Oggi si può dire che il centro politico del Canton Ticino in otto anni non è stato in grado di costruire nulla, ma di picconare nuovamente buona parte della sua credibilità agli occhi dell’elettorato, riconquistando gli Stati per la forza personale di Regazzi più che a quella del partito. La frittata l’avevano fatta il PLR e l’allora PPD, con la goffa costruzione di un’alleanza cinque minuti a mezzanotte (correva l’anno 2019). Dimostrandosi poi incapaci di tessere comunemente qualcosa di credibile con collaborazioni concrete sui dossier. Il dualismo tra due uomini alfa (il citato Dadò e il collega presidente PLR Alessandro Speziali) si è rivelato autolesionista all’eccesso. Ma accontentarsi (PLR) di aver mantenuto i due seggi in Consiglio nazionale e cullarsi ora (Il Centro) del ritorno nel prestigioso Consiglio degli Stati, sarebbe la reazione più sbagliata. Foriera, senza una vera strategia politica di coppia, di altri prevedibili dissesti per l’intera area ai prossimi appuntamenti elettorali.

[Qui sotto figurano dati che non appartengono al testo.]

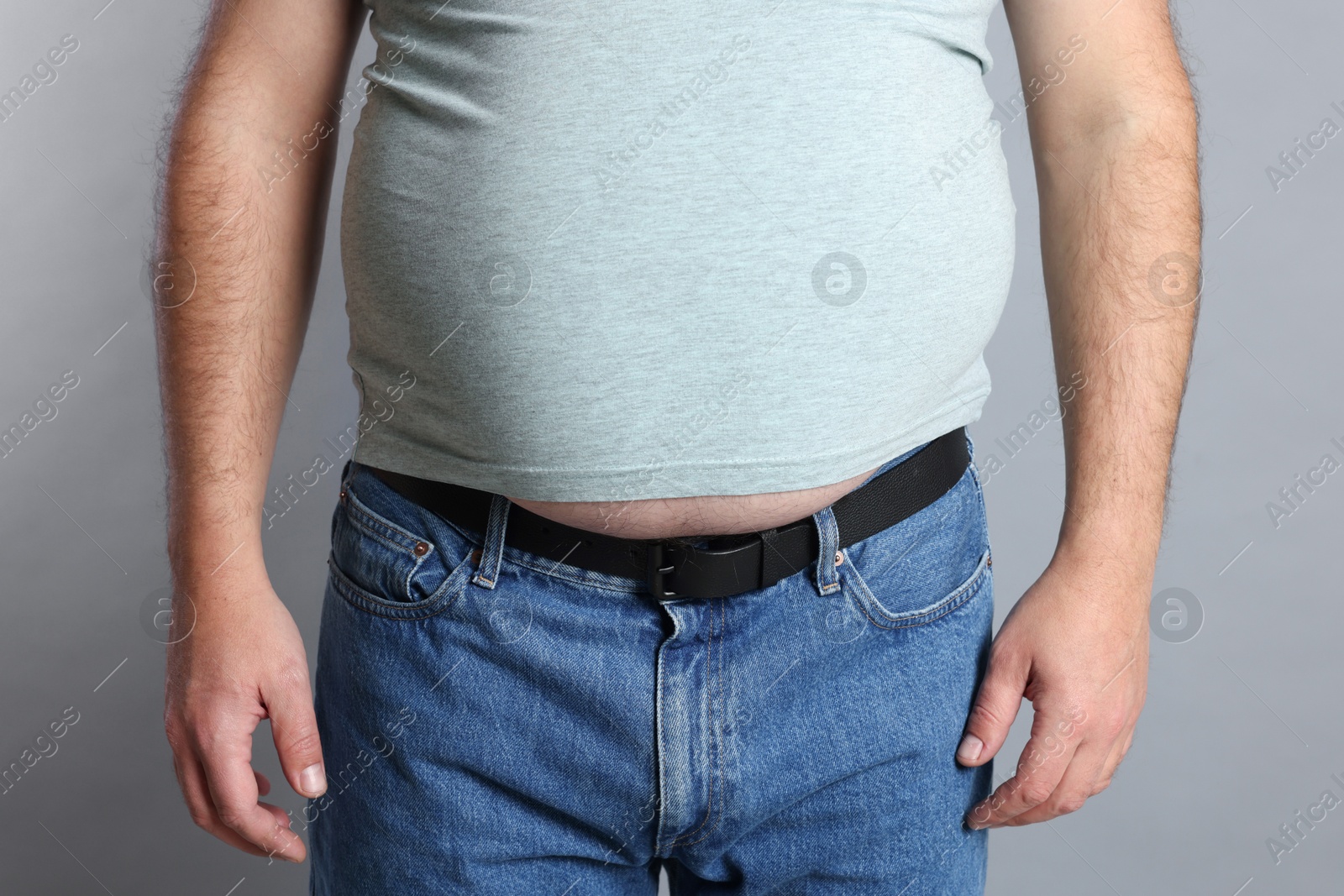 Photo of Overweight man in tight t-shirt on grey background, closeup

Fino a quattro anni fa la presenza della politica di mezzo, il PLR e l’allora PPD, agli Stati era una costante, al punto che mai era accaduto che entrambi venissero estromessi. Il PLR contava molto su Farinelli per tornare a valere ed eleggere un profilo in grado di dare una certa continuità, anche per questioni anagrafiche. Cosa che, già solo per lo stesso fattore, Regazzi non potrà garantire. In casa liberale radicale sembra ripetersi una storia già scritta, quella del secondo seggio in Consiglio di Stato. Nel 2011, per effetto dell’ondata leghista, era stato perso: nel 2015, anche facendo la voce grossa, si è cercato di riconquistarlo, poi nel 2019, con minor convinzione e lo scorso aprile non è neppure stato più un tema. È la storia di un fallimento che si consolida tappa dopo tappa. Ormai assuefatti a contare uno su cinque, forse ci riproveranno nel 2027 scommettendo sulla perdita di velocità della Lega e la partenza (di uno o entrambi) i consiglieri di Stato in carica. Ma sarebbe un calcolo avventato perché l’avanzata dell’UDC non pare in grado di arenarsi a breve e il voto a destra di questo week end sembra un monito. Sarebbe sciagurato, nonché politichetta di Paese, contare sui presunti scandali per una fiduciaria, soffiando sul fuoco finendo per scottarsi, o sui post di qualche scheggia impazzita con rimpianti da Terzo Reich che nessuno mai sosterrà. Staremo a vedere se alle elezioni comunali del prossimo anno, in particolare a Lugano, il PLR e la Lega (in primis chiediamoci, quale Lega?) torneranno a duellare. Ma attenti all’UDC, che dopo il tentativo d’entrata in Consiglio di Stato, proseguirà nei prossimi mesi i lavori preparatori per farsi trovare pronta tra quattro anni a livello cantonale e nella città faro del Cantone.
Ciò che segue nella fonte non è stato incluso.